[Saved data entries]
########################################

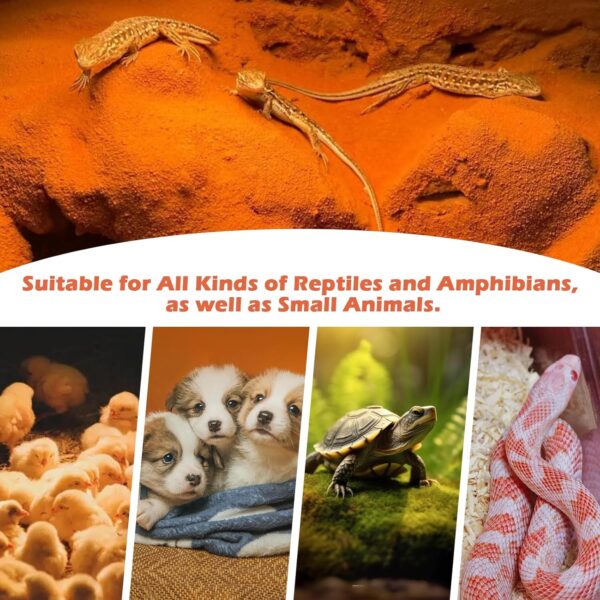 2 Pack 100W Reptile Heat Lamp Bulb E27 Tortoise Basking Light Bulb Dimmable UVA+UVB Daylight Heating Bulb for Vivarium/Lizards/Bearded Dragon/Snakes/Puppies/Chicks/Amphibian - Image 7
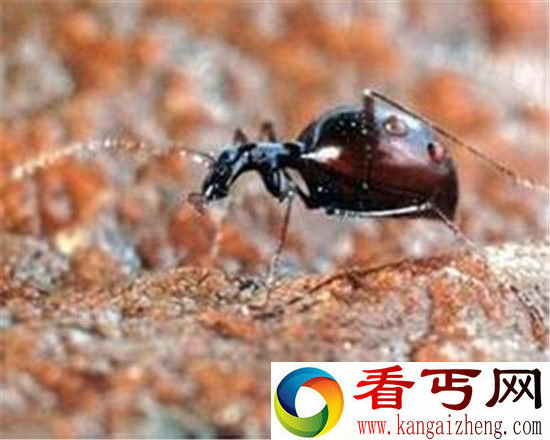 世界八大没眼睛的动物 竟能活百年?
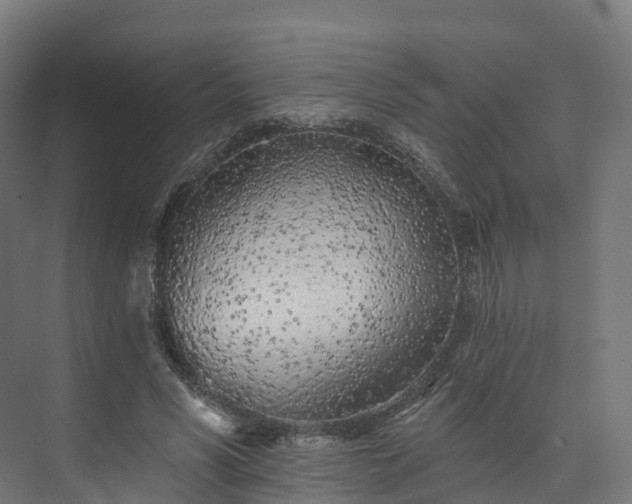 X0000073850590200608171035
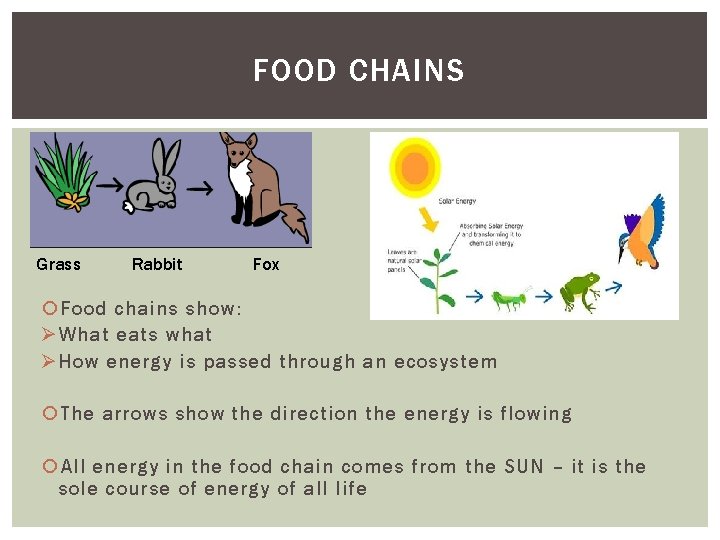 FOOD CHAINS Grass Rabbit Fox Food chains show: Ø What eats what Ø How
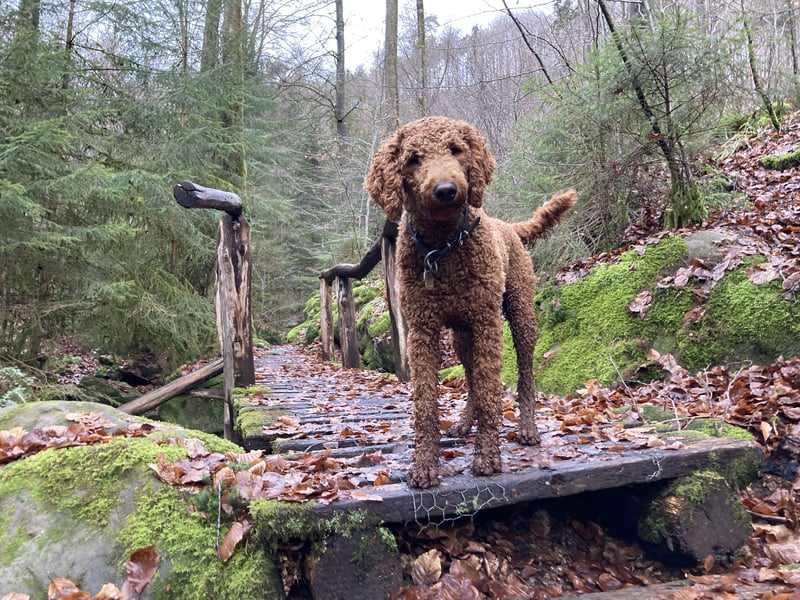 Großpudel Deckrüde (kein Verkauf)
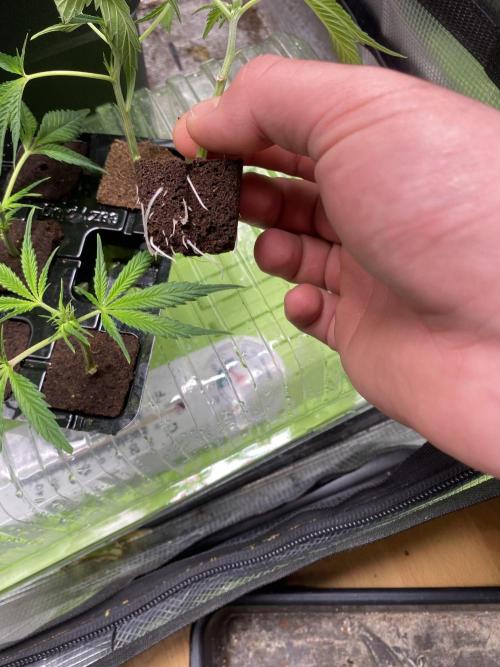 Gorilla coockies Pheno winner run. Week 0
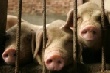 В РТ свинина и кабанятина могут нанести вред здоровью людей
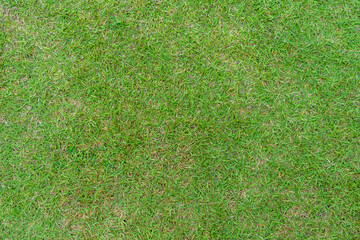 Grass pattern texture for background. Green lush lawn.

########################################

▶ **Work instruction**:
Give an exact copy of the line containing "FOOD CHAINS Grass" and every line after it through the end of the entries. Pictures are to be dropped.

▶ **Worked solution**:
 FOOD CHAINS Grass Rabbit Fox Food chains show: Ø What eats what Ø How
 Großpudel Deckrüde (kein Verkauf)
 Gorilla coockies Pheno winner run. Week 0
 В РТ свинина и кабанятина могут нанести вред здоровью людей
 Grass pattern texture for background. Green lush lawn.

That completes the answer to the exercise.